Fed officials and Mr. Obama want to take credit for easy money if stock-market and housing prices rise, but then deny any responsibility if commodity prices rise too, causing food and energy prices to soar for consumers. They can’t have it both ways, as not-so-stupid Americans intuitively understand when they buy groceries or gas. This is the double-edged sword of an economic recovery “built to last” on easy money rather than on sound fiscal and regulatory policies.

Let´s take a look at the “evidence” for all those claims.

If they´re trying to revive the housing market, they´ll have to “try harder”. The C-S chart for National House Prices does not indicate a “revival”.

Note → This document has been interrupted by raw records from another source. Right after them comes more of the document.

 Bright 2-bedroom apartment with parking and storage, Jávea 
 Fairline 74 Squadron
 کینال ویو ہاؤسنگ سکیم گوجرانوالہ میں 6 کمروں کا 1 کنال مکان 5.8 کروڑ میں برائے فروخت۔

The next chart plots the broad US dollar exchange rate (trade weighted against a broad set of trading partners) and oil prices on a weekly basis since January 2008. For the last 12 months oil prices have fluctuated little while the dollar is at the same level of one year ago, higher than a few months ago and at the same level it was in early 2008.

And if monetary policy is “so easy”, why is nominal spending still “comfortably tucked inside the hole”?

So when the WSJ talks about “surges” in oil and commodities at present and “easiest monetary policy in modern times” it is surely “exaggerating”!

My preferred commodity price “story” is told by the chart below, taken from a post of one year ago.

Yes, China in the WTO made a “world of difference”.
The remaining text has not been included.